Our solution includes cumulative integration of Spatial Perception and Haptic Stimulus, just as the Title suggests. For the same reason, bicycles alerts have to be made in real time, from Object Detection and Depth Perception to Haptic Stimulus with low latency. So, I chose a device called the OAK-D abbreviated term for OpenCV AI Kit with Depth(Thanks to Brandon Gilles for sending this over :)), and thanks to the Neosensory Team for sending the Neosensory Buzz over for receiving real time haptics about the Spatial position of the object behind the cycle.

1)TheOpenCV Spatial AI Kit OAK-D

source - luxonis.com

OAK-D is a device to inference Monocular Neural Inference fused with stereo depth and Staereo Neural Inference.

DepthAI is the embedded spatial AI platform built around Myriad X - a complete ecosystem of custom hardware, firmware, software, and AI training. It combines neural inference, depth vision, and feature tracking into an easy-to-use, works-in-30-seconds solution.

DepthAI offloads AI, depth vision and more - processed direct from built-in cameras - freeing your host to process application-specific data.

DepthAI gives you power of AI, depth, and tracking in a single device with a simple, easy-to-use API, written in Python and C++.

Best of all, it is modular (System on Module) and built on MIT-licensed open source hardware, affording adding these Spatial AI/CV super powers to real commercial products.

2) Neosensory Buzz:

Source - Neosensory.com

Buzz is intended for “deaf and hard-of-hearing individuals, musicians, app developers, and others who want to create unique sensory experiences.”
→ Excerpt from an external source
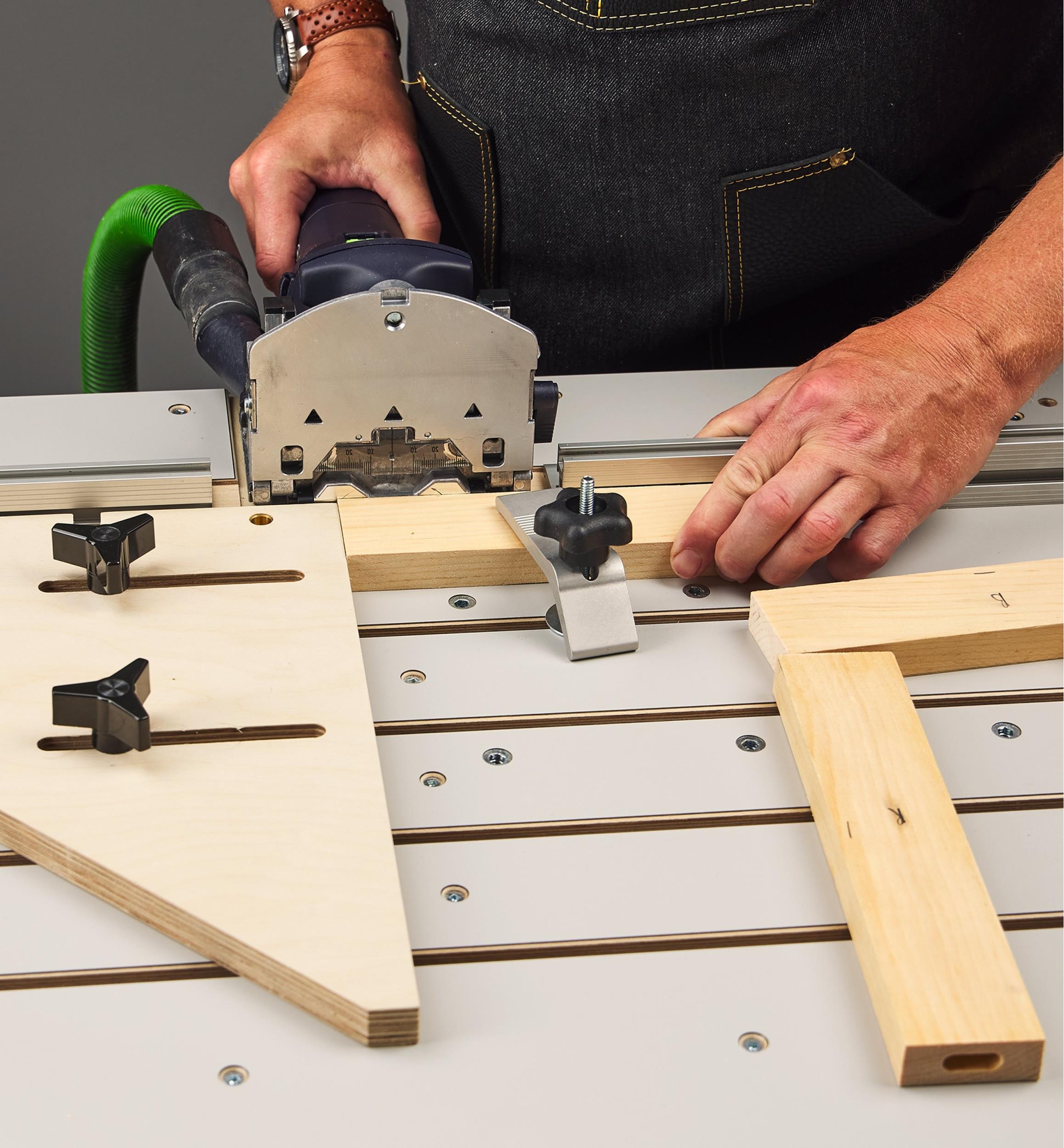 Veritas Domino Joinery Table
”When we become fluent in a language, learn to ride a bike, or refine our golf swing, we form associations with patterns of information from our physical world. Buzz is a wearable device that captures sound and translates it into vibrational patterns on the skin. With practice, these associations become automatic and a new sense is born. You’ll experience the difference on the first day you wear it. And it only gets better from there.”

Accidents are unprecedented events. They happen in split seconds. Human Brain reacts the fastest to Haptics or Tactile Stimulus. Here Neosensory Buzz plays an important role.
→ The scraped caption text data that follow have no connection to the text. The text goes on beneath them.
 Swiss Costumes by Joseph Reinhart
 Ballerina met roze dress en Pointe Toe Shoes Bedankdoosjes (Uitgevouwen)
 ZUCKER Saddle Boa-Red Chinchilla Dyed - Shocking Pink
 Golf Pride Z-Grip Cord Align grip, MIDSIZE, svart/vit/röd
Let's say you prefer using a speaker for surrounding awareness on bicycles, rather than the buzz. Interrogating on that, How quick would that be to alert you to prevent you from an accident? There are millions of tones in the environment when you're commuting on a cycle, and your brain requires time to process all information and later alert you for the same. Scrapping that idea, let's say you prefer to get notifications on your mobile while cycling. How convenient would it be to pay attentation to two locations at a time?

Preferably, you'd decide to opt for buzz. Haptic Stimulus provides a quick real time understanding of the Rearview, with the buzz motor intensity indicating the depth of the vehicle, with an on-lane focus maintained too. So, with all those clear benefits, I decided to build this project further.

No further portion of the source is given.